— The task —
When you reach the line containing "Building Photo - 2", begin reproducing the material exactly, stop after the line containing "Used 2025 McLaren Artura RWD image 15", and leave out any pictures along the way.
━━━ Listed records
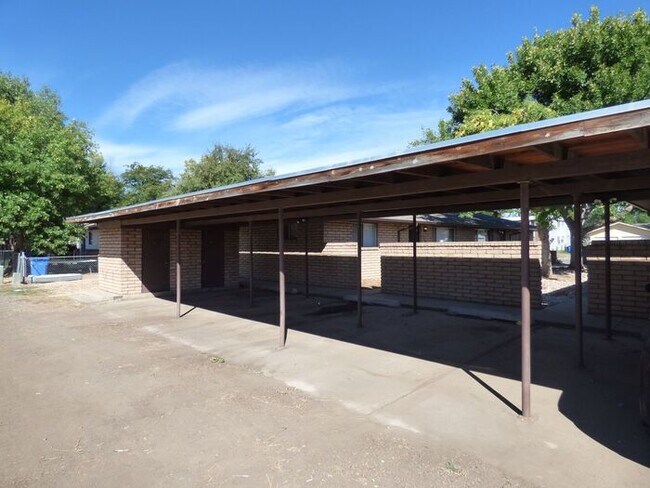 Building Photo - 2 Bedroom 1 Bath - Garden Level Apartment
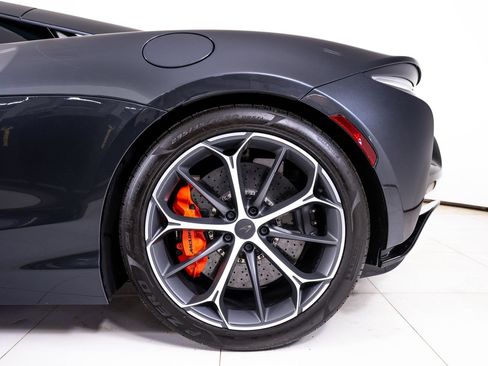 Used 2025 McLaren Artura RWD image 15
━━━━━━
━━━ Listed records
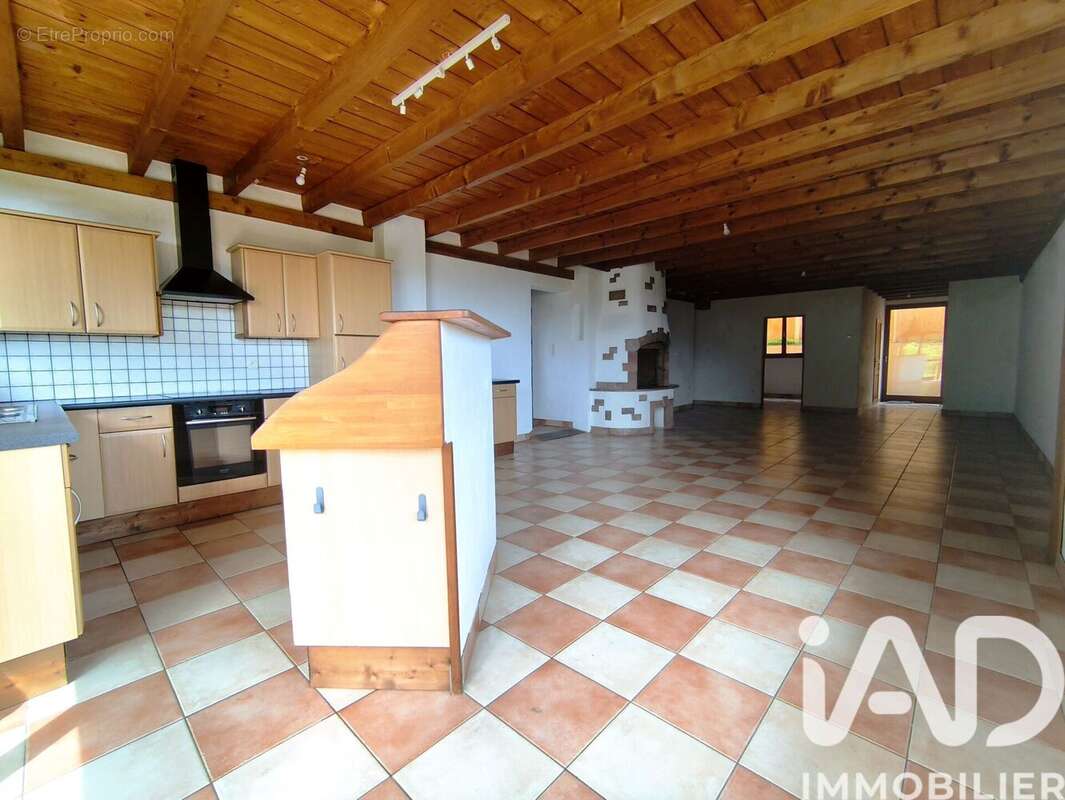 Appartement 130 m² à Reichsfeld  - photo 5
━━━━━━
— Written response —
 Building Photo - 2 Bedroom 1 Bath - Garden Level Apartment
 Used 2025 McLaren Artura RWD image 15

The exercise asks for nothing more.